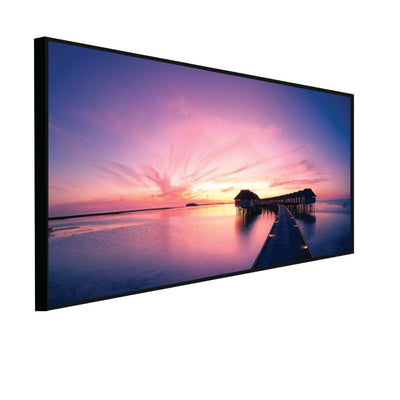 DecorGlance Posters, Prints, & Visual Artwork CANVAS PRINT BLACK FLOATING FRAME / (24 X 48) Inch / (60 X 121) Cm Sunset On Maldives Canvas Floating Frame Wall Painting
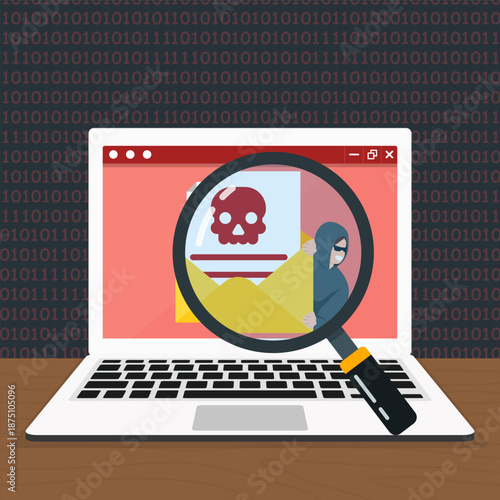 Cyber attack threat illustration showing phishing email, hacker detection, malware warning, and digital investigation on laptop screen. Representing cybersecurity risks, online fraud and data theft.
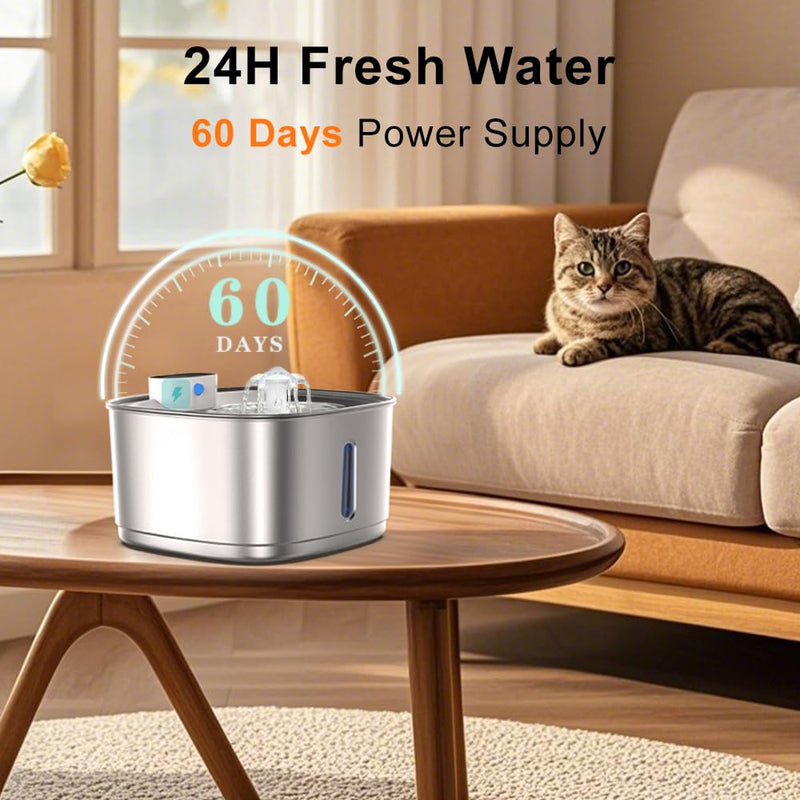 Wireless Cat Water Fountain Stainless Steel, 108oz/3.2L Cat Fountain Battery Operated, Cordless Pet Water Fountain for Cats & Dogs with Motion Sensor, Ultra Quiet Pump, Multi-Filtration 108OZ Wireless Fountain - PawsPlanet Australia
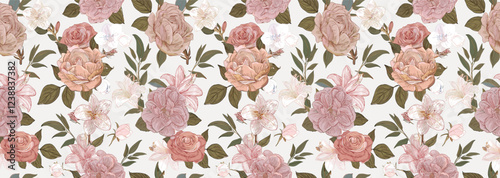 A seamless floral pattern with pink and orange flowers and brown leaves on a cream background.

= = = =

**WORK TO COMPLETE**
Write out exactly the lines above between the one with "Cyber attack threat" and the one with "Wireless Cat Water", inclusive, with pictures left out.

**TASK ANSWER**
 Cyber attack threat illustration showing phishing email, hacker detection, malware warning, and digital investigation on laptop screen. Representing cybersecurity risks, online fraud and data theft.
 Wireless Cat Water Fountain Stainless Steel, 108oz/3.2L Cat Fountain Battery Operated, Cordless Pet Water Fountain for Cats & Dogs with Motion Sensor, Ultra Quiet Pump, Multi-Filtration 108OZ Wireless Fountain - PawsPlanet Australia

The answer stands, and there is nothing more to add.